I bought this black, 100-foot garden hose at a garage sale two years ago for $10 (great deal!), but I never used it. I usually just hand water my flowers and vegetables with water from my rain barrel. But my newly planted cedar trees need plenty of water over the next few weeks to establish their root systems before winter, so I decided to make a soaker hose out of my unused garden hose rather than buy one 💪
The dark color helps it blend in well with the surrounding soil, and the length was perfect for watering both rows of cedars as well as some flower beds around my shed! 🙌
My new soaker hose reduces water waste by delivering water right to the roots of my plants. I’ll be adding leaf mulch soon to further reduce the amount of water lost from evaporation 👍 My soaker hose also saves me lots of time since hand watering 65 cedar trees every other day would be very tedious! 😅 And since the soaker hose remains stationary, I don’t have to drag a heavy garden hose around my yard every time I want to water. I just turn on the spigot and set a one-hour timer so I don’t forget to turn it off! 😜
Here’s how I created my DIY soaker hose irrigation system. The only thing I had to buy was a hose end cap! 😃
DIY soaker hose from old garden hose
Old garden hose
Hose end cap
Sharp object for poking holes
1. Lay your hose around the plants you want to water. Figure out how you’ll connect your soaker hose to your water source. Turn on the water to make sure everything’s connected properly. Turn off water.

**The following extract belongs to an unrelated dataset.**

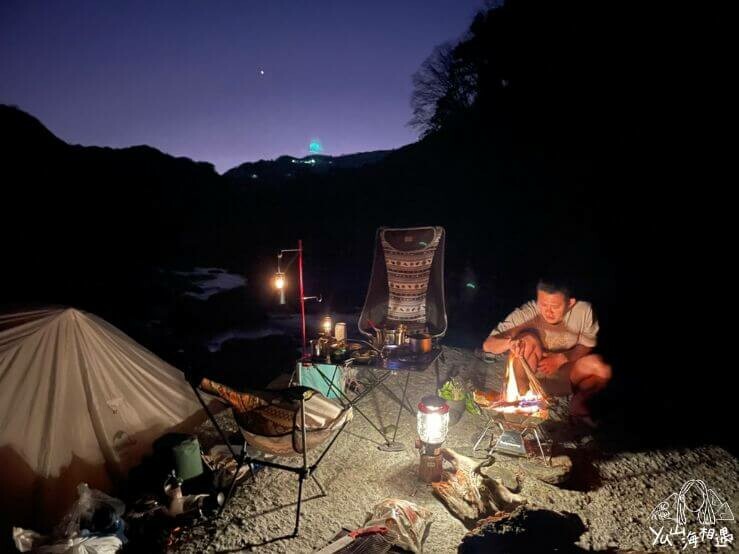 精英溫泉＋精英瀑布＋精英二號溫泉，新手也能輕鬆到達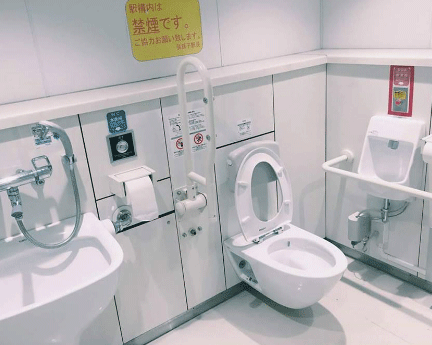 Nhiều người Việt ra nước ngoài bị ghét vì không biết dùng toilet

2. Poke holes through one side of the old garden hose every three inches starting at least 18 inches from both ends. (I only poked holes where the hose was in front of the plants I wanted to water; no sense in watering my shed!). My hose has a yellow stripe so I poked all my holes along that yellow line. This makes it easy to know where the water will come out when you’re positioning the hose. I used a hammer and awl to make the holes, but you could also use a big nail or a drill. My hammer head was three inches wide, which made it very easy to space the holes evenly 😉
3. Screw on the hose end cap and turn on the water! You should have water spraying out of every hole. If not, repoke them.
4. Reposition the hose close to the plants so as not to waste any water. When you want to water your garden beds, turn on the spigot so water is slowly trickling out of all the holes. Happy watering!